Ah, um, there's so many things wrong with the "intros" I can't even begin to touch on them all.
Was this a dog from a rescue?

1) don't do intros at the house or on your property!
2) should have brought your dog and walked the dogs alongside each other on neutral property first
3) do a two week shut down immediately when you get a new dog home (anything over 6-8smos)
4) "dominating" him? Standing over him, looking in his eyes? It's a wonder you still have your face! You knew the dog all of what, 2 hours at this point? Very dangerous...

I'll let someone else handle the rest.


----------



## Shaina (Apr 2, 2011)

msvette touched on a lot that I read immediately.. sounds like a trainwreck from the start. I know that ideally we all want a dog that can jump into our lives immediately, but that is NOT realistic and not fair to the shelter dog that now has a bad mark on their life..


----------



## BWilson (Mar 16, 2010)

msvette2u said:


> Ah, um, there's so many things wrong with the "intros" I can't even begin to touch on them all.
> Was this a dog from a rescue?
> 
> 1) don't do intros at the house or on your property!
> ...


1. MY dog isn't territorial or dog aggressive. We intro'd our other male this way and it was fine, never an aggression issue, ever. My son came and took the male back to Nebraska with him last November, and last month we went out there -with our dog- and they were like two puppies glad to see each other again.
2. OK- they walk along together, 1 1/2 hour away from home. They seem OK, then we put them in the truck and have a dogfight in the backseat on the highway? REALLY? That's better?
3. "2 week shutdown?" I'm assuming you mean no contact with the new dog as far as contact with the older dog? Contact with us? Yeah- not gonna happen.
4. Yup! Actually about 3 hours, but he showed no signs of domination toward humans. And yes, taking his space and making it mine as well as eye contact asserts my "alpha" place over him. I'm not going to try to pin down a 125 lb. dog like a real alpha dog would. This technique worked for us 25 years ago with MWDs, why wouldn't it work now?

This male showed no aggressive posturing, no growl, nothing! It was simply an attack on her when she walked by him while he was drinking water. The other attacks came as she came near me while I was holding him on a leash. I think he might have some territorial issues though.


----------



## BWilson (Mar 16, 2010)

BTW- he was from a private owner who has 3 GSDs, a 5 month old baby and another baby on the way. They decided to rehome the youngest GSD because he has never shown any aggression or possessiveness (except for his bed they said.) and they're gonna have 2 babies in diapers, etc. They were a very young couple but the dog was in great shape- well cared for and very pleasant to be with- until he got into it with our dog.


----------



## msvette2u (Mar 20, 2006)

Going from one person's home directly into another is extremely confusing to a dog.
Very _few_ dogs over the age of 6 mos. are going to transition smoothly into a new home the very day they left their old one.


----------



## TrickyShepherd (Aug 15, 2011)

Sorry, but I have to agree with everyone.

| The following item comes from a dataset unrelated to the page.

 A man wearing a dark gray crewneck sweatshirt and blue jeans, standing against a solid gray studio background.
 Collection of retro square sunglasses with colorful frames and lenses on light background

I've brought many dogs into my home as adults and we did have to follow a very strict schedule for a few weeks, and keep a close eye even after months. 

Recently, I brought in a 2 year old male (Duke). He went through the same treatment. We did no contact other then walks away from home for a week or so.... then introduced slowly into the front yard, and so on. Very slow process. We had eagle eyes on them at all times during their time together. He was fed last, he was taken out last, she got attention first and etc. This way she didn't feel threatened and he understood that it wasn't his place to come in with a fight. We were extremely lucky that he was very submissive and so was my female. Which is why we brought him home. He was a good match for my home. This made things a lot easier and smoother.... but, most definitely not without a few moody moments from both.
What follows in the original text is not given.